We are almost halfway through the 2014 Summer Institute of Civic Studies at Tufts University. A group of 24 professors, graduate students, and civic leaders from many countries (only half are from the US) are deep into discussing several thousand pages of theoretical readings. We present the readings as an emerging–and disputable–canon for a field we call “civic studies.”
What qualifies an author to be included?
I have argued here that the only serious question for human beings as members of communities is: “What should we do?” Importantly, the question is not “What should be done?” which is much more commonly addressed in modern scholarship. Thus we must reform scholarship to make it address the citizen’s essential question.
A contributor to the nascent discipline of civic studies helps us to decide what we should do. A theorist of civic studies is someone who doesn’t just address that question in a particular context (e.g., “What should we parents of X school do to improve it?”). Instead, she or he offers guidance about broad categories of situations–perhaps about all situations that confront human beings. That is the screen through which I put potential contributors to the canon of civic studies.

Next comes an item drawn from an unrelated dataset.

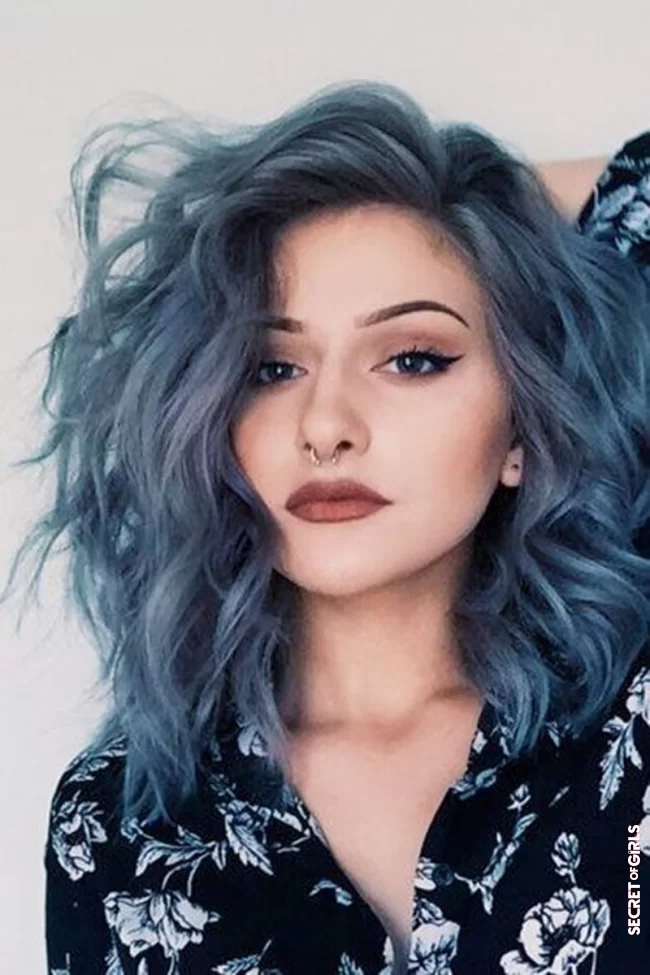 Faded denim | Coolest Pastel Hair Colors To Try This Spring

So far this week, we have considered Jurgen Habermas, Elinor Ostrom, Robert Putnam, Harry Boyte, Albert Dzur, and Bent Flyvbjerg. Roberto Mangabeira Unger is up next.

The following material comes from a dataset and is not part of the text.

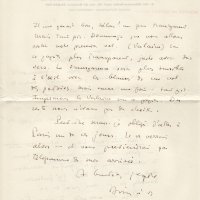 LETTRE DE JACQUES SCHIFFRIN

As an example, Habermas addresses the question, “What should we do?” roughly as follows. It is a moral question, about what is right or just to do. It is not the question: “What do we want?” nor “What does our perspective, bias, or interest cause us to want?” We may have to choose against our desires or interests. The claim that something is right is like the claim that something is true. In both cases, we put the proposition before other human beings and seek their free agreement. If, for example, I assert that it would be right or just for me to pay lower taxes, then–if the conversation is free and public–I will have to give reasons persuasive to my fellow citizens. It won’t matter what my motives are. My arguments will have to be valid from others’ perspectives.
(By the way, if I make a claim about my motives–e.g., “I really only want to pay lower taxes because I want to help others,” that is a separate proposition that can also be tested by other human beings. They can look for consistency and other evidence of sincerity. Claims of justice, truth, beauty, and sincerity require different justifications but are alike in that they are all requests for free assent and they all promote reasonable inquiry.)
Thus what we should do is (a) whatever we decide to do in a very good conversation. But that implies (b) that we must participate in such conversations. And since they do not occur automatically, we must (c) work to make them happen, which is not just a matter of organizing and facilitating discussions but also of changing the incentives and rules that apply in public life so that democratic discussions flourish more. Finally, discussion by itself is insufficient to accomplish justice, so we must (d) press the economic and political systems to respond to reasonable public opinion.
This leaves much to be worked out–and is not ultimately satisfactory to me–but it qualifies Habermas as a civic theorist.